Goal of the exercise -> All lines from the opening of the entries below through the line containing "Usata Renault Clio" must be output exactly as they appear, with no other lines.

[[ Records to use, beginning ]]

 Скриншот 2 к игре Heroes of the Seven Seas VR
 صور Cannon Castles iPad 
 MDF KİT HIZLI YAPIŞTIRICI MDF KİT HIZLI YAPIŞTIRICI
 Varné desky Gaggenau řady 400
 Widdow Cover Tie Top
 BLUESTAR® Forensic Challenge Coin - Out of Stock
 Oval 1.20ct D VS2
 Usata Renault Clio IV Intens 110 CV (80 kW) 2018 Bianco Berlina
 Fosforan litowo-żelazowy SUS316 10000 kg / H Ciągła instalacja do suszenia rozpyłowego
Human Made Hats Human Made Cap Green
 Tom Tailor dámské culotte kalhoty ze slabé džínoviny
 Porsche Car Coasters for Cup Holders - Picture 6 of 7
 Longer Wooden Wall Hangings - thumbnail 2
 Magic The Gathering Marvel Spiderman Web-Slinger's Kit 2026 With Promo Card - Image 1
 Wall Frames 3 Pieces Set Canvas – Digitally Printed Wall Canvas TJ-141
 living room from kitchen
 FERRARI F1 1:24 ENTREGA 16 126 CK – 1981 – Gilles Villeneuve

[[ Records to use, end ]]

Solution to this task ->
 Скриншот 2 к игре Heroes of the Seven Seas VR
 صور Cannon Castles iPad 
 MDF KİT HIZLI YAPIŞTIRICI MDF KİT HIZLI YAPIŞTIRICI
 Varné desky Gaggenau řady 400
 Widdow Cover Tie Top
 BLUESTAR® Forensic Challenge Coin - Out of Stock
 Oval 1.20ct D VS2
 Usata Renault Clio IV Intens 110 CV (80 kW) 2018 Bianco Berlina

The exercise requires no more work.